I wrote a post years ago about responding to racist comments and when that was written the discourse and awareness of racism in law school was not as out in the open as it was now. When I was in school (yikes that makes me sound old!), if someone complained about racist comments by other students, the students of color were told to grow thicker skin. There were few recourses for things that weren’t over the top overt so the idea was that you just grit and bear it, for the most part. And even though there is more self-awareness within some schools about implicit bias and space for students to speak up about commentary, law school is far from perfect. There is deep, engrained racism and casual racism advanced by students and staff that can make law school feel unbearable.
Just read some of the examples that went viral this summer to see some of the experiences people are still having in the most “prestigious” of institutes. How can you respond when you’re in class and a professor starts harassing you? Or a classmate makes callous statements?
Let’s take the example of the professor, asking inappropriate questions about immigration, hassling you in an attempt to get you to respond. In the midst of a situation like this, where a person in a position of power is directing odd commentary at you, may feel the need to push back, to stand your ground and prove them wrong. If you feel that’s the right option for you, go for it. But here’s another we don’t often consider, especially when it’s with a professor. Refuse to engage. When someone is egging you on like this, it is not being done in good faith. They are not actually committed to advancing ideas, rather they are (sorry to be blunt) getting off on their ability to bully you. Imagine being such a sad person. So there’s little benefit with you arguing back to prove them wrong. You don’t owe it to them to engage. If a professor is trying to rile you up or embarrass you don’t give them the pleasure. Look bemused and tell them, “I’m not sure if you’re intending your comments to be racist, but they are. And I’m not going to engage.” They can’t force to you to keep the conversation going and calling them out will likely stop them cold. If they keep going, it will give you more content to report to administration. And after class, that’s immediately what you need to do–report incidents like this to the appropriate offices in your school. I’d also suggest you write down what happened so the details stay fresh and you’ve made a record of the incident.

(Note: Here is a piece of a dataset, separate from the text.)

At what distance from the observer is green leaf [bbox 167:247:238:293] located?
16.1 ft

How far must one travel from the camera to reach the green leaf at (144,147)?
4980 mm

In other instances, mostly comments made by classmates, there is space to speak up and confront inappropriate comments as they are happening. Of course, it will be rare that someone will say something overtly racist; those comments that make you inwardly flinch are usually subtle in their isms (classism, racism, etc). They are made by privileged people who haven’t known much struggle. When they read facts of cases–of real people–they may reach conclusions or make judgements about them. I won’t ever forget the discussion in Contracts where a classmate said people that fall for predatory loans deserve it and the mix of emotions I felt for family that used payday loans to get by only to struggle to pay them back. In those instances it may feel right to speak up in defense, but don’t feel like you must always give your energy to those comments. If you’re not in the right headspace, if you’re tired, if you have other pressing issues, focus on that instead. Don’t feel like there’s a burden on you to speak up against every comment right then and there. Instead, take a beat, collect your thoughts and have a follow up discussion with the professor about why they allow those types of comments and seek out support from BIPOC student groups. Having a support system will make all the different in helping you determine response and next steps.
Ugh, I wish I could say you’ll go through your program without ever experiencing this. And that’s what I really hope for you. But realistically, you’ll be submerged with folks who are problematic in so many ways; who are flourishing in a mess-up system that supports and protects them. So always remember that you need to do whatever you need to do in order to protect your mental health.